> Available data:
□ □ □ □ □ □ □

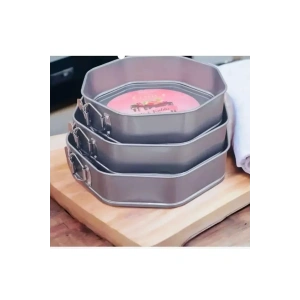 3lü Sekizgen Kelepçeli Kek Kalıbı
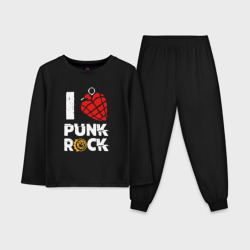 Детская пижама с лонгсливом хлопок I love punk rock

□ □ □ □ □ □ □

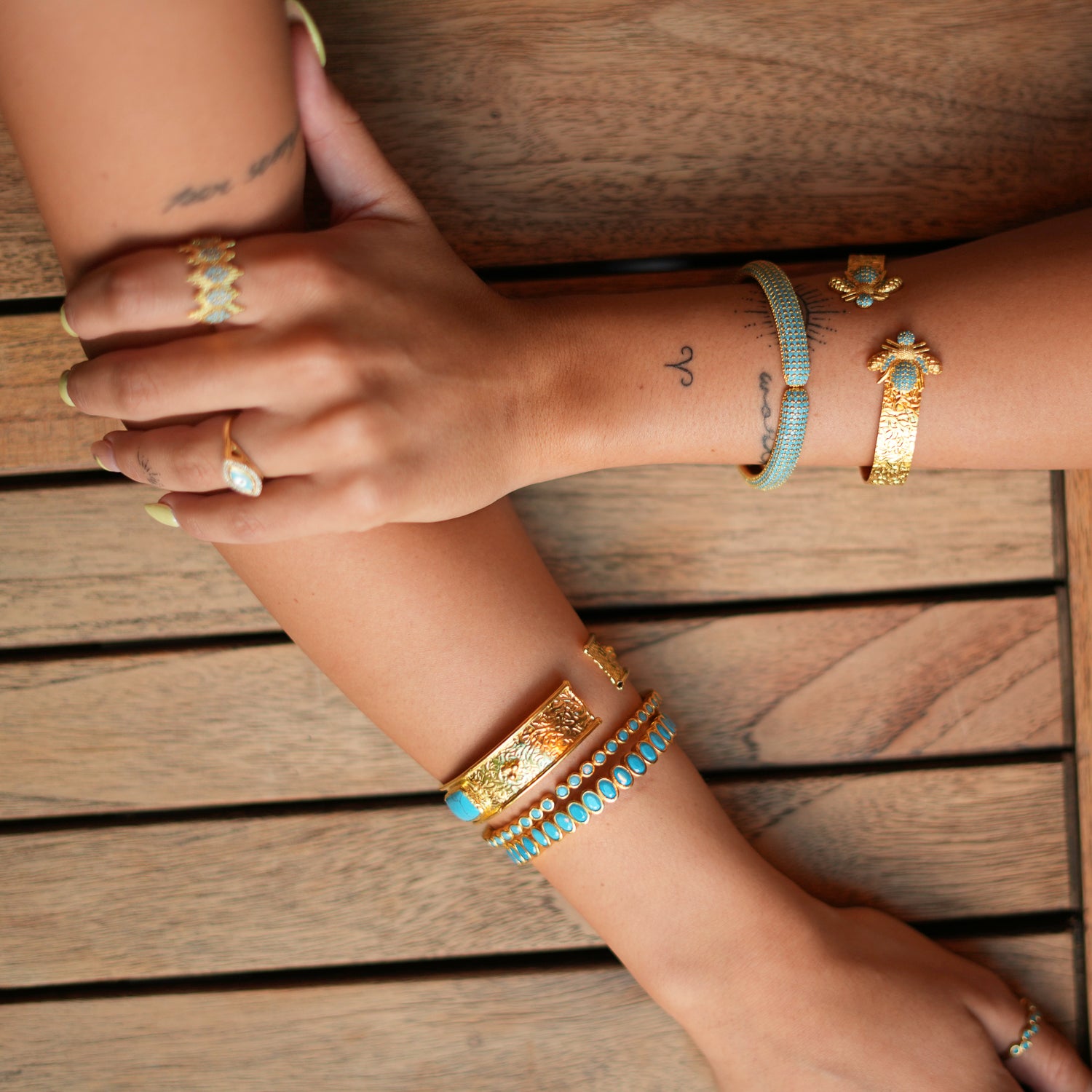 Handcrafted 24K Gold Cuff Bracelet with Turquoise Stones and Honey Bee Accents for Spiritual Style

□ □ □ □ □ □ □

> Exercise requirements: Starting with the line that has "3lü Sekizgen Kelepçeli Kek Kalıbı" and ending with the line that has "Детская пижама с", repeat the lines above exactly, omitting every picture.

> Answer to this problem:
 3lü Sekizgen Kelepçeli Kek Kalıbı
 Детская пижама с лонгсливом хлопок I love punk rock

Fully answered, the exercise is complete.